* _Data to use_:
'''
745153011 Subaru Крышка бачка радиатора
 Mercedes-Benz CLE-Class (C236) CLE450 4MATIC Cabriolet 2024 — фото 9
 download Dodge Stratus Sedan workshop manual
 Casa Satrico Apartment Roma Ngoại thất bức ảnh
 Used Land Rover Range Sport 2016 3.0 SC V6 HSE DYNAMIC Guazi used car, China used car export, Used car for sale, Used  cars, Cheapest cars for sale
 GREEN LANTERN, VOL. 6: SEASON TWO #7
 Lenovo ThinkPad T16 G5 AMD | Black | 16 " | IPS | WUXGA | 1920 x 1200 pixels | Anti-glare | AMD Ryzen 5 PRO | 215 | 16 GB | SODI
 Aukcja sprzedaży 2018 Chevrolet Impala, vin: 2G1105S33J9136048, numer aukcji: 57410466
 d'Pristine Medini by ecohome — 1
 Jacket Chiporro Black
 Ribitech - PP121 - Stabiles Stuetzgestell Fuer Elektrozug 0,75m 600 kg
'''
* _Requirement_: Return the full data, every line of it, with nothing altered.

* _Solution_:
745153011 Subaru Крышка бачка радиатора
 Mercedes-Benz CLE-Class (C236) CLE450 4MATIC Cabriolet 2024 — фото 9
 download Dodge Stratus Sedan workshop manual
 Casa Satrico Apartment Roma Ngoại thất bức ảnh
 Used Land Rover Range Sport 2016 3.0 SC V6 HSE DYNAMIC Guazi used car, China used car export, Used car for sale, Used  cars, Cheapest cars for sale
 GREEN LANTERN, VOL. 6: SEASON TWO #7
 Lenovo ThinkPad T16 G5 AMD | Black | 16 " | IPS | WUXGA | 1920 x 1200 pixels | Anti-glare | AMD Ryzen 5 PRO | 215 | 16 GB | SODI
 Aukcja sprzedaży 2018 Chevrolet Impala, vin: 2G1105S33J9136048, numer aukcji: 57410466
 d'Pristine Medini by ecohome — 1
 Jacket Chiporro Black
 Ribitech - PP121 - Stabiles Stuetzgestell Fuer Elektrozug 0,75m 600 kg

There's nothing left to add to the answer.